ENTRIES PROVIDED >>
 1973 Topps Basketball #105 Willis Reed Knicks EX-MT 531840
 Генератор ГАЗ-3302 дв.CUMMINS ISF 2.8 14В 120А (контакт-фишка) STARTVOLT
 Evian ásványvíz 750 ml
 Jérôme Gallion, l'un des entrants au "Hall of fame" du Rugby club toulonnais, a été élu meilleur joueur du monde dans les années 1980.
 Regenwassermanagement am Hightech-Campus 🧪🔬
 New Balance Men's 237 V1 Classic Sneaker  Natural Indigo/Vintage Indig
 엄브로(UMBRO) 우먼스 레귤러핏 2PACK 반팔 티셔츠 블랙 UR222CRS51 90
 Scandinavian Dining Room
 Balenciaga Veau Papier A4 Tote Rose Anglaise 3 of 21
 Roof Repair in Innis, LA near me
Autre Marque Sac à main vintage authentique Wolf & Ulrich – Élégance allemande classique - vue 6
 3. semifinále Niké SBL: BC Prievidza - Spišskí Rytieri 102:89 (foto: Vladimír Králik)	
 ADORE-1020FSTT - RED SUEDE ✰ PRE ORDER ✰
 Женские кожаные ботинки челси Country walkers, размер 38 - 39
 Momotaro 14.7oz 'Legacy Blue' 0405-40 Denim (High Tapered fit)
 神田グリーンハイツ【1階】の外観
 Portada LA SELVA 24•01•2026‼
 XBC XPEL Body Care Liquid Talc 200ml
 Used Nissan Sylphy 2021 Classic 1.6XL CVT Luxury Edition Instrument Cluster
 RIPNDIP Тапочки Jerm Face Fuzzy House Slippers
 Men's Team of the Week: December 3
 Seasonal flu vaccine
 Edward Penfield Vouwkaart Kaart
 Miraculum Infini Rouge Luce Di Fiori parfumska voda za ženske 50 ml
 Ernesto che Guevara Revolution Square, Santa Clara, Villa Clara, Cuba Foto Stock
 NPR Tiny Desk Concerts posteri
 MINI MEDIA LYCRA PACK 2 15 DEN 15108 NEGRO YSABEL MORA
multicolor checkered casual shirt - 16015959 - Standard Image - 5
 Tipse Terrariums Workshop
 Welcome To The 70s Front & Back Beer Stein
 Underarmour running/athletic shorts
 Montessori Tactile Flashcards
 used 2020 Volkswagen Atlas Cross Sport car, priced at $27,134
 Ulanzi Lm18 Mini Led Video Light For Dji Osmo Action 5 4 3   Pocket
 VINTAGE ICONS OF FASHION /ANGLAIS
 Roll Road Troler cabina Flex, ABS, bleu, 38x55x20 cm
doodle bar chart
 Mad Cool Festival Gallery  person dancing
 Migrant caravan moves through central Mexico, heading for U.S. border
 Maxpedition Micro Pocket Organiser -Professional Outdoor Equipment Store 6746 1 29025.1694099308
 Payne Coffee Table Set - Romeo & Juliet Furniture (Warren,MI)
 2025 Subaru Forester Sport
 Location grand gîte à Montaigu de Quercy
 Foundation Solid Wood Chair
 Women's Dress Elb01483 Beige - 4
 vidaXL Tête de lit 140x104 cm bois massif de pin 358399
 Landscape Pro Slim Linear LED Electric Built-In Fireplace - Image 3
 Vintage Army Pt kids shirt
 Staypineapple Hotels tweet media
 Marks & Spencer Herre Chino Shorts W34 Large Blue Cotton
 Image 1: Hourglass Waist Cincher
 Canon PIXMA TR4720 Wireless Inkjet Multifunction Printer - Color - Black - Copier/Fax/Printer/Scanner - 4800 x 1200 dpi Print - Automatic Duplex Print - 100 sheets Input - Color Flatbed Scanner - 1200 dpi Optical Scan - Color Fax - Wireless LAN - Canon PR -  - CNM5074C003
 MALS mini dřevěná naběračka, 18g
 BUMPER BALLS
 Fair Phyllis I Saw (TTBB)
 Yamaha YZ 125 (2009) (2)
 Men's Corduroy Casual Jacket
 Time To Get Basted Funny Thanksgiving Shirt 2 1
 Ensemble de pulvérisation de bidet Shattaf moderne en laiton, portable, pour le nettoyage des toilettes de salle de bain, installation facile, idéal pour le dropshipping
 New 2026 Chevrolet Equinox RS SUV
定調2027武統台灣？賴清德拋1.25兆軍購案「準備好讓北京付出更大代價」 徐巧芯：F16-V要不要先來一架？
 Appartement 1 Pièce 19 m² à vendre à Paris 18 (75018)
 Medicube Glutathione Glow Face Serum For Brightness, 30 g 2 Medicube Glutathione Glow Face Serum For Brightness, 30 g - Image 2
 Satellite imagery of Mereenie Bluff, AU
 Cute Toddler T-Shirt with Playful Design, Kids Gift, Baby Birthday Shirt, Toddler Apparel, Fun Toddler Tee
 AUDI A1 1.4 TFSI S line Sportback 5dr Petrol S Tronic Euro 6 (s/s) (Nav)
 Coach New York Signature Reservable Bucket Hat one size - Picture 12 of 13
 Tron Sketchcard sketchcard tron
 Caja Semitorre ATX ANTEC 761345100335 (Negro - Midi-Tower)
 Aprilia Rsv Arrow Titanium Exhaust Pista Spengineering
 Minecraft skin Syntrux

REQUIRED ACTION >>
Examine each line of the listing for the word "Classic" and state only how many lines contain it.

RESULT OF THE TASK >>
2